What is expected ▸
Reproduce, exactly and in full, the lines from the one with "Button Through Top in Royal Blue image 2" through the one with "Pre-owned Isabel Marant" in the data below; drop pictures.

Extracted records ▸
------------------------

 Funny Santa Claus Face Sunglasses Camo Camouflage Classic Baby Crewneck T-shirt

------------------------

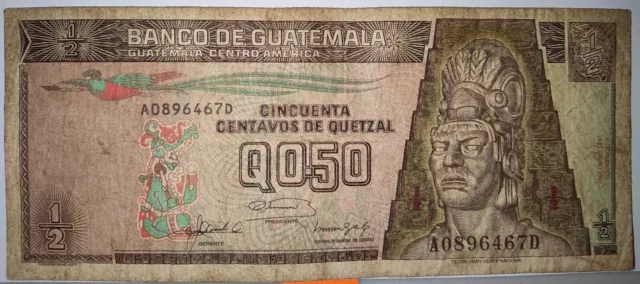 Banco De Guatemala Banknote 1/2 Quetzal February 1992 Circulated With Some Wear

------------------------

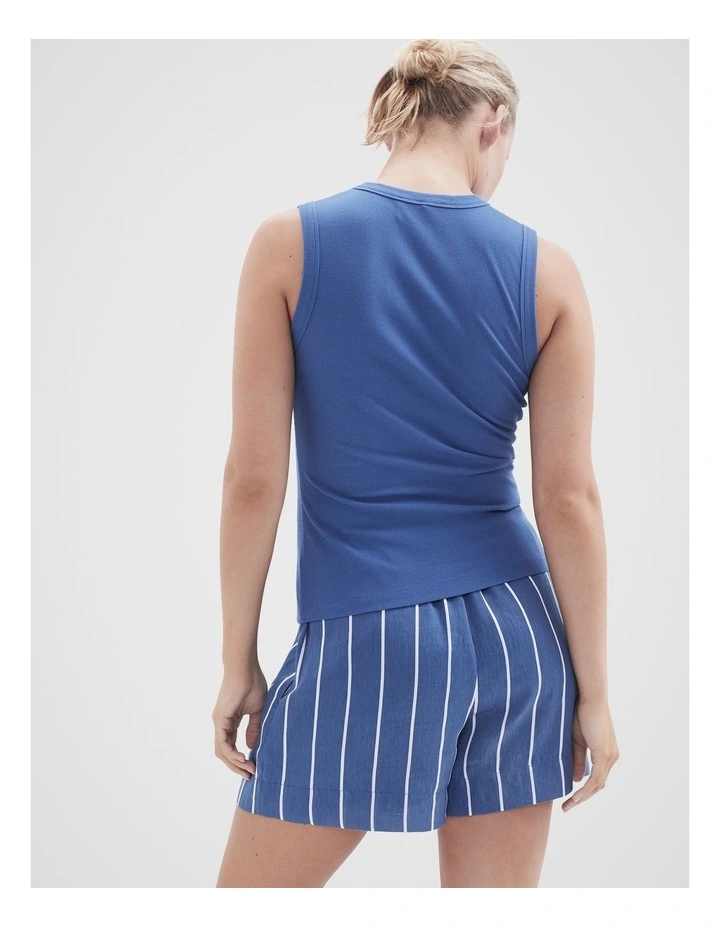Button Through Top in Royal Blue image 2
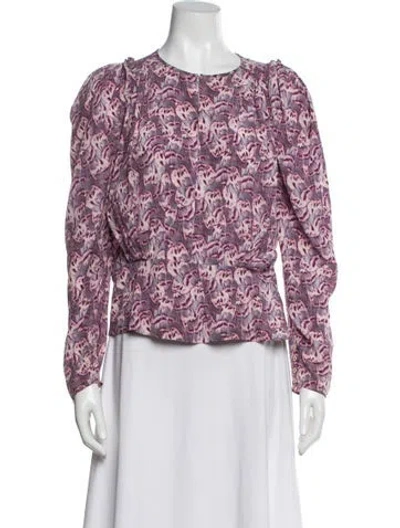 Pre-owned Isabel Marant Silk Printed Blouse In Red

------------------------

Exercise solution ▸
Button Through Top in Royal Blue image 2
 Pre-owned Isabel Marant Silk Printed Blouse In Red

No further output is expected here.